About this task → Your answer should hold exactly the lines below from the line with "呜呜呜，狗屌硬惹，肿么办😰😰还流水了哎🥵🥵" through the line with "Used 2025 Jeep", both included, and no pictures at all.

Data →
______

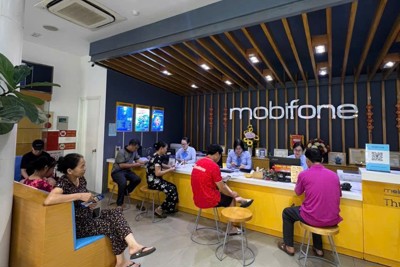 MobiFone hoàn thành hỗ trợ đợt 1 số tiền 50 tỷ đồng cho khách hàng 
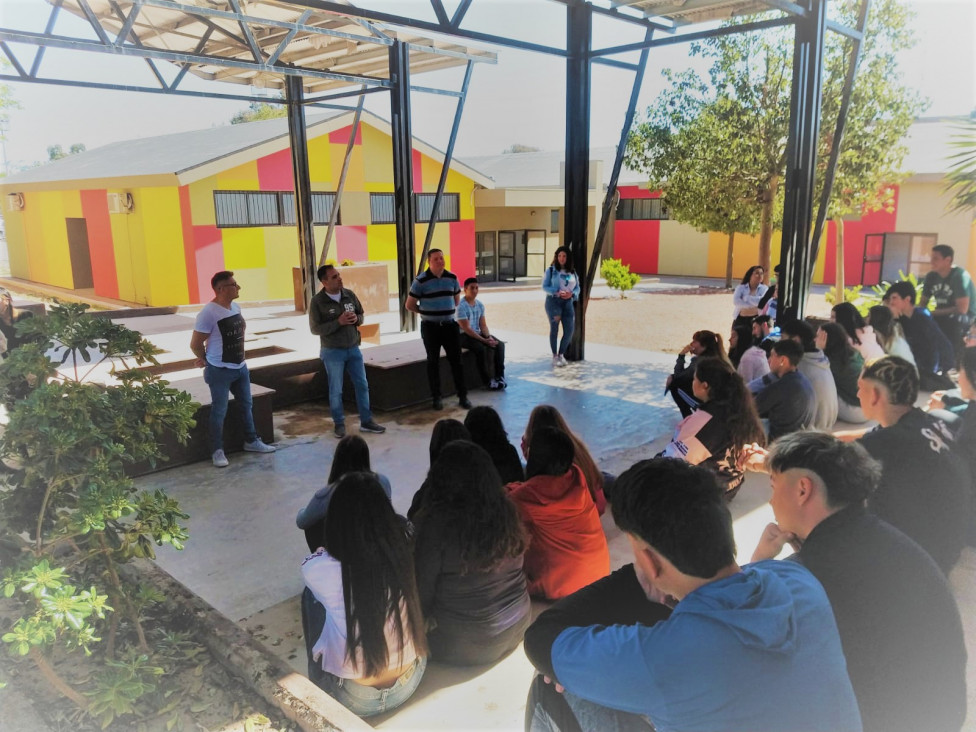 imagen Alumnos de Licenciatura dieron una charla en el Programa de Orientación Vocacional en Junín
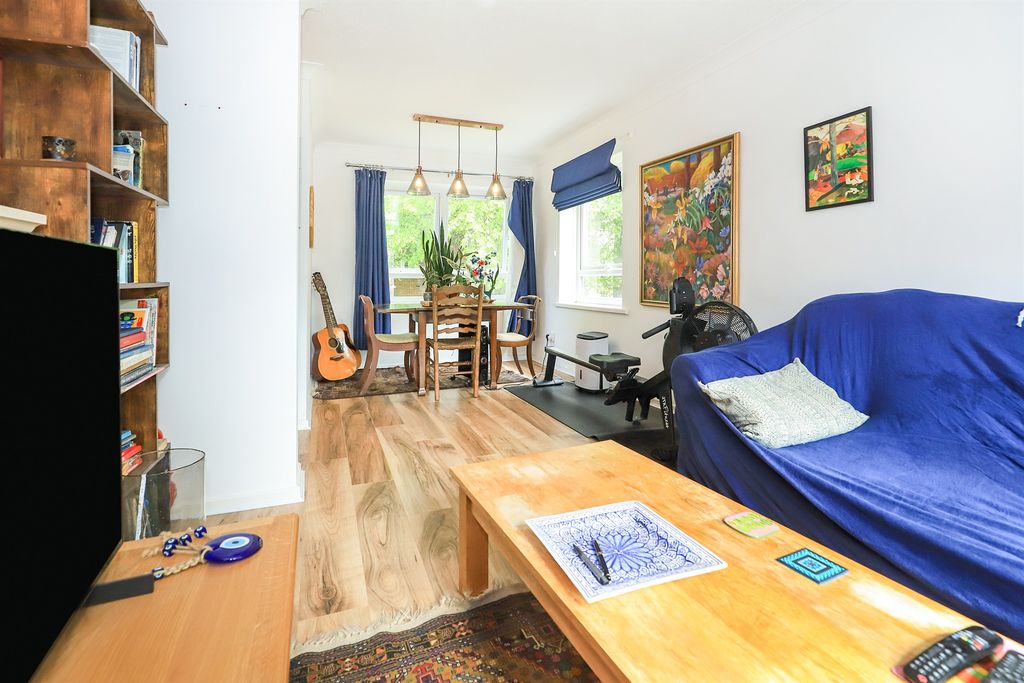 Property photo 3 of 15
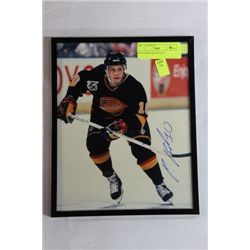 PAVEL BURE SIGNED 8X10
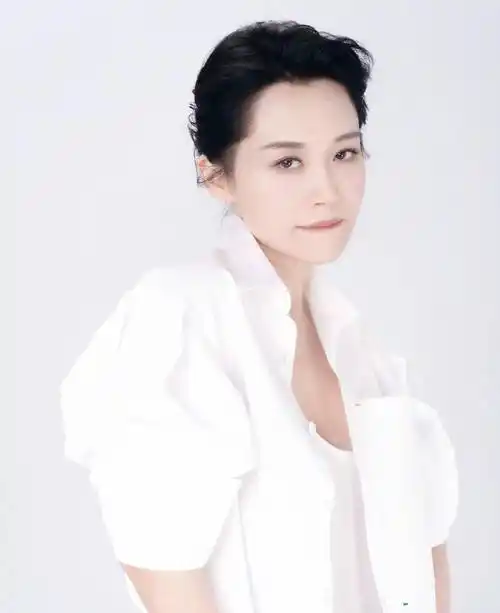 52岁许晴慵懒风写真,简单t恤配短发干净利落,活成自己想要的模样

______

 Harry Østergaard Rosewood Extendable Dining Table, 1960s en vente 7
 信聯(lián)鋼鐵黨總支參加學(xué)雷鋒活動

______

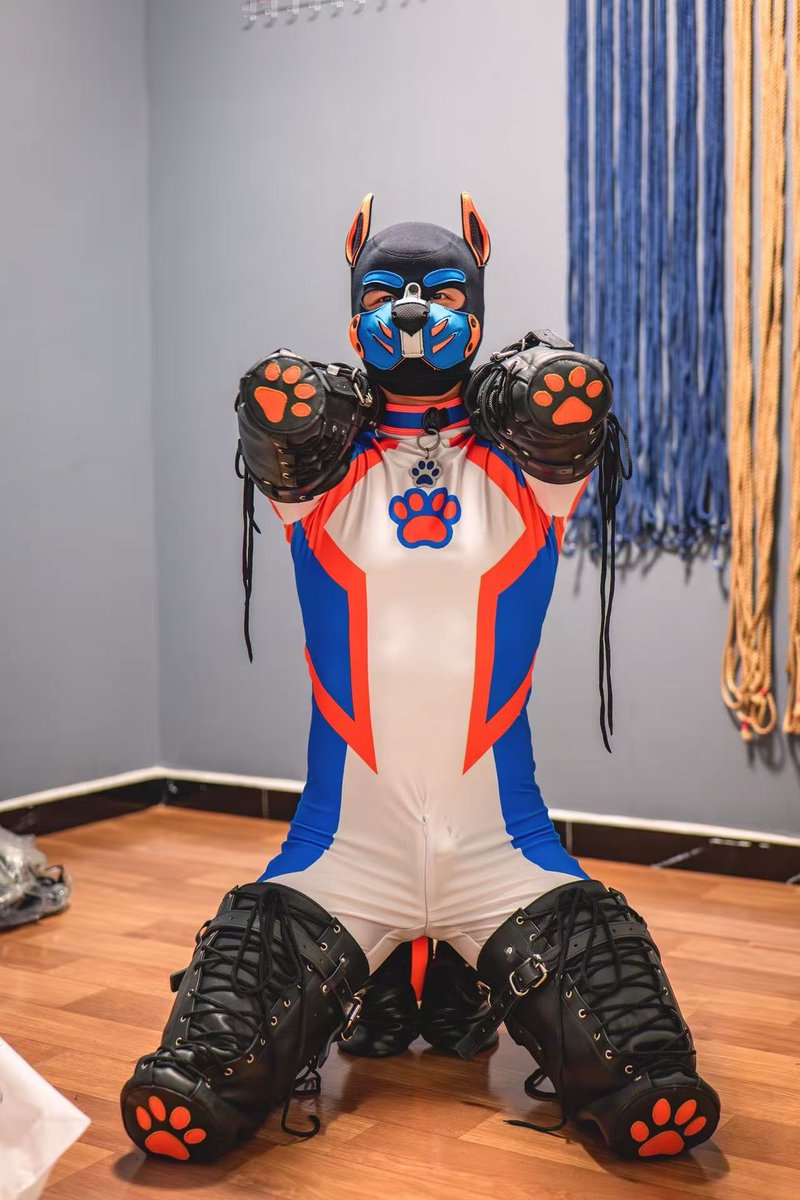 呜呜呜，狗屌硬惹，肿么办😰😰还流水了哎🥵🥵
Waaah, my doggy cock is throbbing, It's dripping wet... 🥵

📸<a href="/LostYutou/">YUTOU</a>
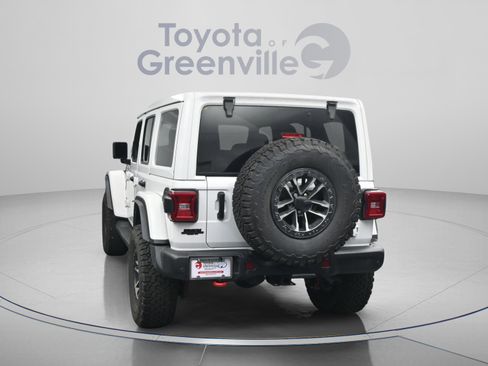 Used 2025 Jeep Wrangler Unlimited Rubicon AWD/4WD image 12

______

Exercise output →
 呜呜呜，狗屌硬惹，肿么办😰😰还流水了哎🥵🥵
Waaah, my doggy cock is throbbing, It's dripping wet... 🥵

📸<a href="/LostYutou/">YUTOU</a>
 Used 2025 Jeep Wrangler Unlimited Rubicon AWD/4WD image 12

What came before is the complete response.